# new range bag



## handcruser (Jul 4, 2008)

I have been looking for a range bag lately for my xd9sc and my future xd40 and found the attached at walmart tonight. It is a mini backpack about 12 inches high, but lots of internal pockets. I wanted something compact that I could grab and go and hide easily and this thing fits the bill. I can also carry on my back if needed. Best of all it was only $9.97 at Walmart here in Austin Texas.

Just thought someone may want a different option. Its plenty big enough to hold 3 or so pistols and mags for all, with ammo and cleaning supplies all in one versatile package.

Below is a link to the only picture i could find. Walmart's are all black, but this one was tan and black. Hope someone finds this useful.

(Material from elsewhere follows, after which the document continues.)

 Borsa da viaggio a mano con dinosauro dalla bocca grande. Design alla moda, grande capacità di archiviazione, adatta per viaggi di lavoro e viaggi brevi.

http://www.flickr.com/photos/[email protected]/2543280347/in/photostream/


----------



## Old Padawan (Mar 16, 2007)

The issue with inexpensive bags is the quality of construction. While a couple of guns don’t weigh much, a few hundred rounds do. The straps on inexpensive bags don’t usually stand up to the weight.
If you want to stay unobtrusive, buy a cloth tool bag from Home Depot or Wal-Mart. Carry the bulk of your ammo there and limit your “range bag” to the lighter accoutrement of shooting.


----------



## dieselman (Jul 16, 2008)

I just picked up one of these from midway. Very nice bag. Lots of room
http://www.midwayusa.com/Eproductpage.Exe/showproduct?saleitemid=259680


----------



## handcruser (Jul 4, 2008)

Thanks for the replies. I agree quality is an issue, but i wount carry too much ammo in this bag. Mainly i like it if i am traveling in Texas, car breaks down, i can throw it on my back and go. I think i am going to buy and XD rangebag to hold most of my stuff, but use this one for other times and light range trips. It's a perfect travel bag: box of ammo, 3 or 4 magazines, etc.


----------



## undrgrnd (Jul 10, 2008)

this is probably un related but i take mine in there cases. since i only have 2 not much of an issue but when it comes to taking rifles to the range thats when it starts to suck.


----------



## dieselman (Jul 16, 2008)

yea that works too depending on how much stuff you wanna bring. I am up to 9 mags, 500 rounds of ammo, muffs, glasses, gun, and whatever else one wants to bring


----------



## Deltaboy1984 (Jun 1, 2008)

I have a sharp video projector bag I use unless it a big shoot and I use a Craftsman tool bag!:smt023


----------



## Old Padawan (Mar 16, 2007)

I use the I-Shot Pro Shooter bag. I carry way to much stuff. It has 4 padded gun cases, 8 mag pouches (2 1911 or 1 Glock mags per pouch), flashlight pouch, shooting glasses pouch water bottle pouch and several pockets for ancillary equipment. I will carry a couple hundred rounds in it; if I am shooting more than that I bring an ammo can. The bag is overkill and the size of a small suitcase, but I like it.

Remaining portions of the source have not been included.